_Problem to solve_
A faithful copy is needed. Set down all of the data below exactly.
----- Stored data -----
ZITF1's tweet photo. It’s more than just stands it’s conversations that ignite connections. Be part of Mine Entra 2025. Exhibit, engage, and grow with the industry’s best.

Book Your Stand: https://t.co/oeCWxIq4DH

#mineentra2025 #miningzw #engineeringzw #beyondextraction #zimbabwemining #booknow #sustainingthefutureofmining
-----
_Task result_
ZITF1's tweet photo. It’s more than just stands it’s conversations that ignite connections. Be part of Mine Entra 2025. Exhibit, engage, and grow with the industry’s best.

Book Your Stand: https://t.co/oeCWxIq4DH

#mineentra2025 #miningzw #engineeringzw #beyondextraction #zimbabwemining #booknow #sustainingthefutureofmining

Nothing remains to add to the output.